Start of Provided data

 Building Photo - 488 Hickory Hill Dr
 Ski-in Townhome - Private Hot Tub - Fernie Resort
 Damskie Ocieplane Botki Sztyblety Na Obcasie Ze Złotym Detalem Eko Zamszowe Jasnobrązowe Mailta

End of Provided data

- [About this task]
Please output, exactly, the lines of the listing from the one containing "Ski-in Townhome - Private" through the last, inclusive, and no other lines.

- [Output for this task]
 Ski-in Townhome - Private Hot Tub - Fernie Resort
 Damskie Ocieplane Botki Sztyblety Na Obcasie Ze Złotym Detalem Eko Zamszowe Jasnobrązowe Mailta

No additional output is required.